Выбрать главу

Я думаю, братья Стругацкие были весьма заинтересованы в том, чтобы современные аллюзии были прочтены правильно. Появление в их творчестве фантастических масок, направленных на критику общественных явлений, представляющих смертельную опасность для будущего королевства свободы, явлений, ширящихся не где-то далеко в капиталистических странах, а на собственном дворе, — было логическим продолжением принятия позиции «общественной службы предостережения». Я думаю также, что культурный советский читатель не имел ни малейших трудностей с обнаружением в арканарских событиях аллегорий судьбы российской и советской интеллигенции, массово уничтожаемой во времена правления Сталина или же подвергающейся различным преследованиям. Читатель именно культурный, ибо иной мог и не знать ничего об этих делах. Если же знал и аллюзии прочел — в процитированном монологе Руматы имел возможность обнаружить попытку анализа исторической роли сталинизма в его отношении к интеллигенции и прямое предостережение о том, чем мог бы кончиться для СССР рецидив, что конечно же имело значение в то время, если учесть личные недоразумения Хрущева с интеллигенцией[44]. Такой читатель получал также духовное наслаждение при прочтении многочисленных колкостей. Приведу пример из теории литературы — с собственного двора.

Среди жертв репрессий оказался Гур Сочинитель, создатель первого в арканарской литературе светского романа о любви принца и прекрасной варварки. Этот Гур «после беседы в кабинете дона Рэбы понял, что арканарский принц не мог полюбить вражеское отродье, сам бросал на королевской площади свои книги в огонь…»{{3, 337}}. Аллюзия скрыта в упоминании о «вражеском отродье», которое могло читателю напомнить об «охоте на космополитов» 1948–1953 годов, и в дальнейших рассуждениях Гура о литературной правде: «Что такое правда?.. Принц Хаар действительно любил прекрасную меднокожую Яиневнивору… <…> Ее действительно отравили… Но мне объяснили, что это ложь… Мне объяснили, что правда — это то, что сейчас во благо королю… Все остальное ложь и преступление»{{3, 350–351}}. Как видим, по мнению дона Рэбы «правдивое» в литературе не означает «в соответствии с опытом субъекта», а «правдивое с исторической точки зрения», «типичное» (я использую, в отличие от Гура, современный язык).
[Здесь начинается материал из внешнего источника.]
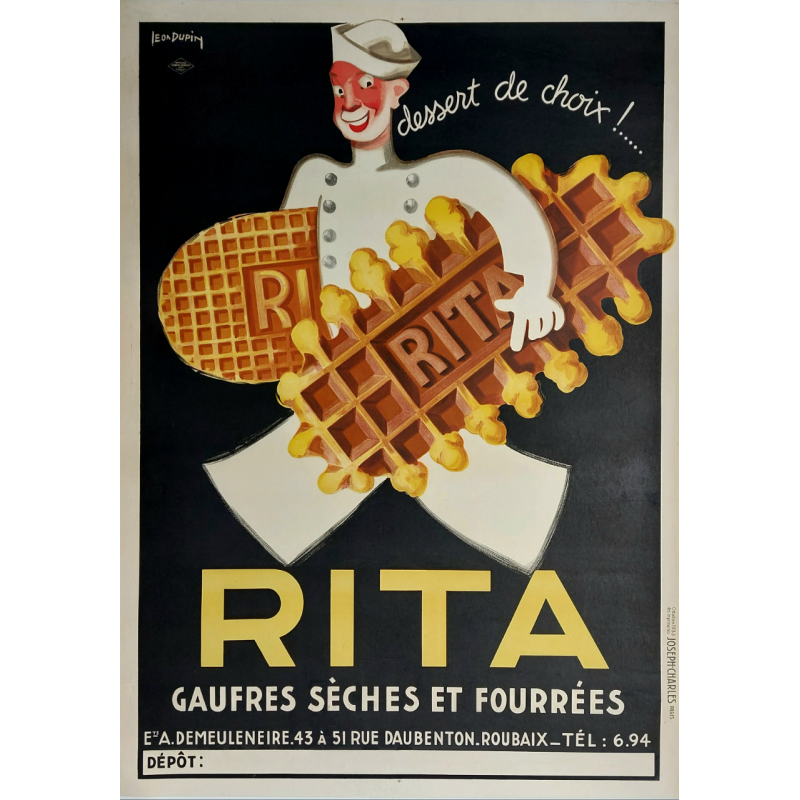Affiche ancienne originale Gaufres RITA sèches et fourrées - Léon DUPIN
Совершенно так же, как в вульгарном варианте теории социалистического реализма и недавней как советской, так и польской издательской практике, обрекающей на несуществование факты несомненные, но невыгодные.

А менее информированный читатель? Он также имел свою минуту тихого счастья, читая о всемогущих в Арканаре доносительстве и страхе, знакомясь с механизмами исполнения власти, провокациями и т. п. — все это напоминало ему недавний опыт. Но при одном условии! — если он не трактовал действительность Арканара «серьезно», как «научный» анализ настоящего средневековья.

Как видим, трактовка фантастического мира произведения как «научного» стала приобретать фатальные последствия для понимания содержания, вкладываемого Стругацкими в книги. В случае «Далекой Радуги» — обеднение, в случае «Трудно быть богом» — прочтение этого славящего бунт человеческого духа произведения совершенно наоборот (мораль истории Антона) или абсурдно (непонимание «средневековых» аллюзий). Логическим решением, заканчивающим флирт с «научностью», понимаемой как создание по-марксистски правдоподобного будущего, было творение мира, неправдоподобного с точки зрения официальной философии властей. Мира, тем самым не обещающего серьезной трактовки. Как «фон» он не помешал бы понимать смысл разыгрывающейся в его рамках человеческой драмы (впрочем, этой возможностью Стругацкие не воспользовались), как носитель актуальной аллюзии он убедительно показывал бы свою природу.

вернуться

44

В беседе с «люденами» Борис Стругацкий рассказывал, что «недоразумения» Хрущева с интеллигенцией в 1962–63 годах действительно резко повлияли на мировоззрение авторов «Трудно быть богом». И роман, первоначально задумывавшийся как развлекательно-мушкетерский, в процессе написания приобрел явственную гражданскую позицию. — Прим. перев.